Brief descriptive captions:
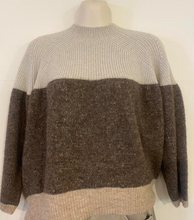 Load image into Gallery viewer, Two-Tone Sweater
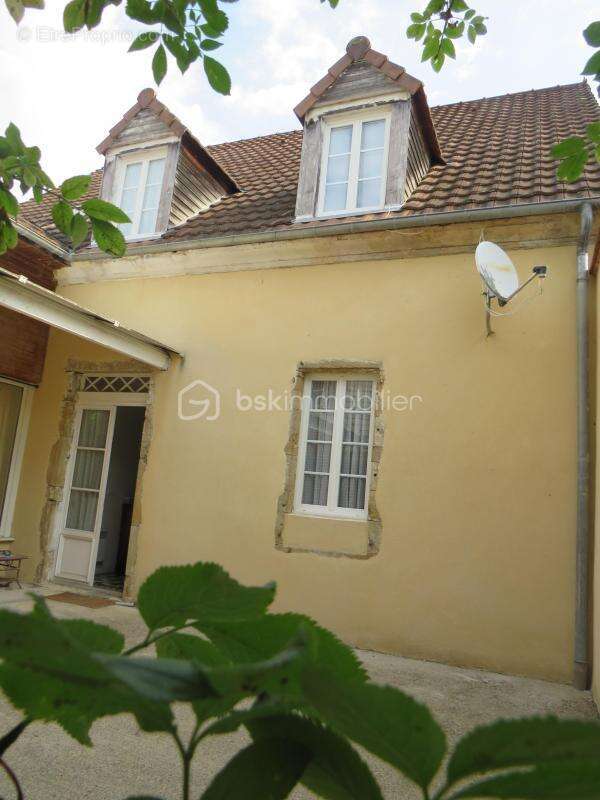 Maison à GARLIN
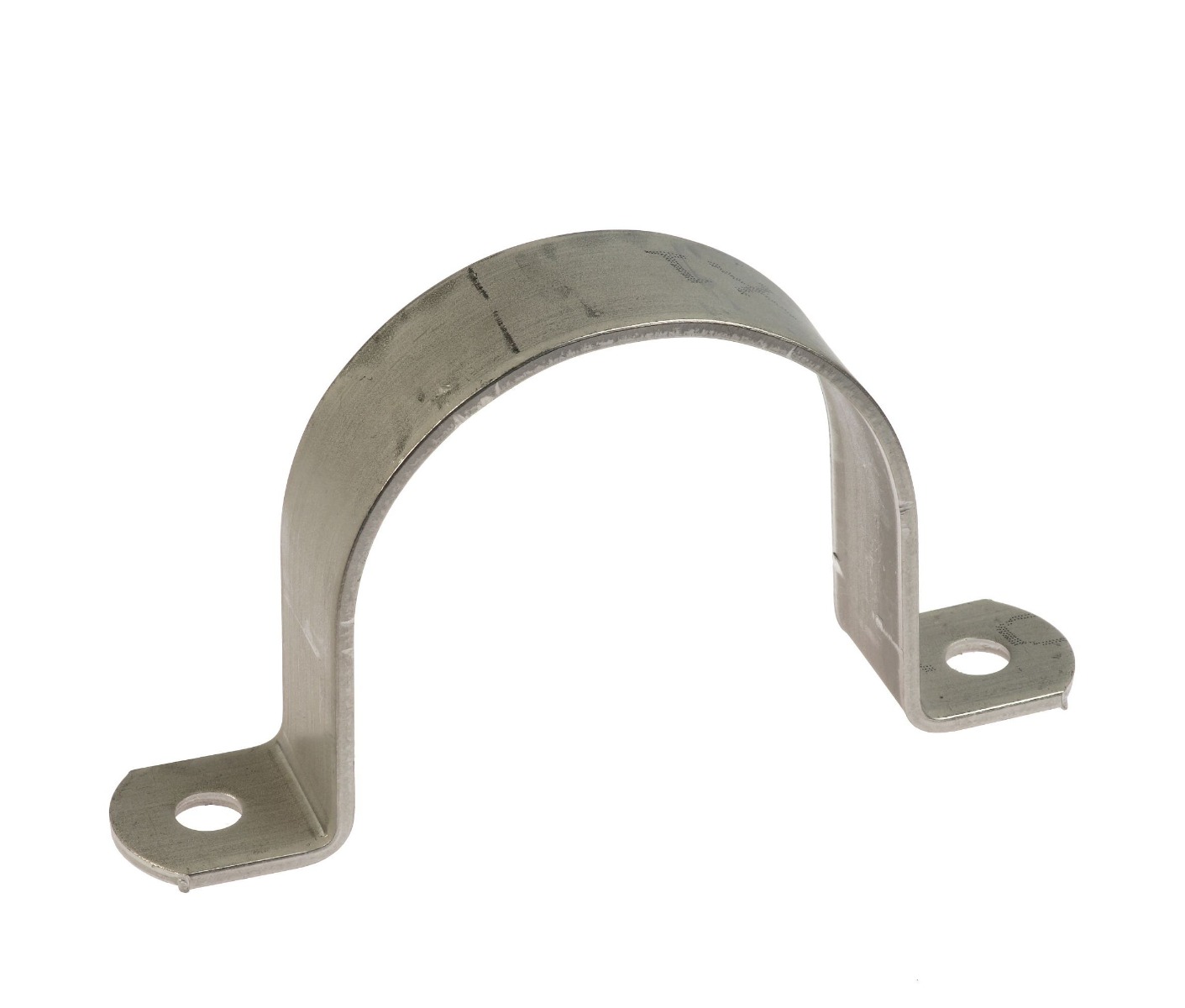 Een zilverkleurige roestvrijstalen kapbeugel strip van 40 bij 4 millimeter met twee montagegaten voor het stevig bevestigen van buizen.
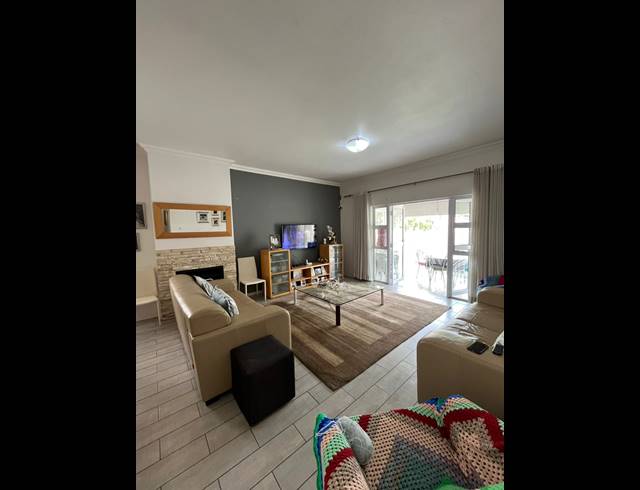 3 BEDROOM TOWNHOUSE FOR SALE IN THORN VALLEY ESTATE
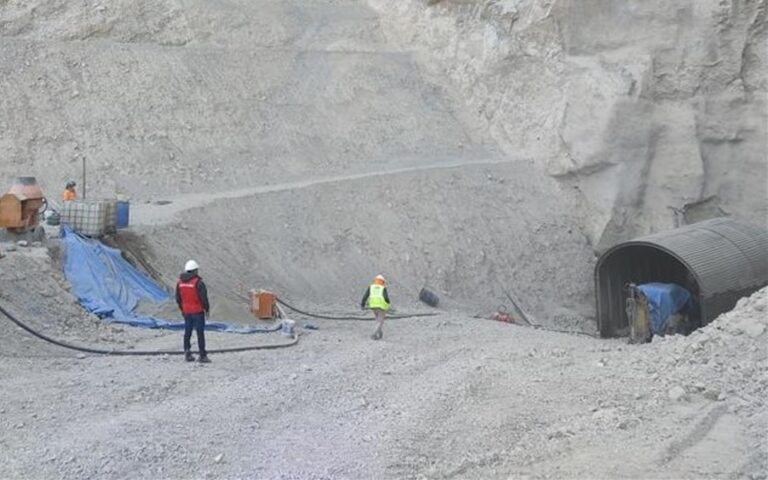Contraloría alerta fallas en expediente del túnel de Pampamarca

**What is needed:** Each line above should be set down exactly as written, with pictures excluded.

**Answer:**
 Load image into Gallery viewer, Two-Tone Sweater
 Maison à GARLIN
 Een zilverkleurige roestvrijstalen kapbeugel strip van 40 bij 4 millimeter met twee montagegaten voor het stevig bevestigen van buizen.
 3 BEDROOM TOWNHOUSE FOR SALE IN THORN VALLEY ESTATE
Contraloría alerta fallas en expediente del túnel de Pampamarca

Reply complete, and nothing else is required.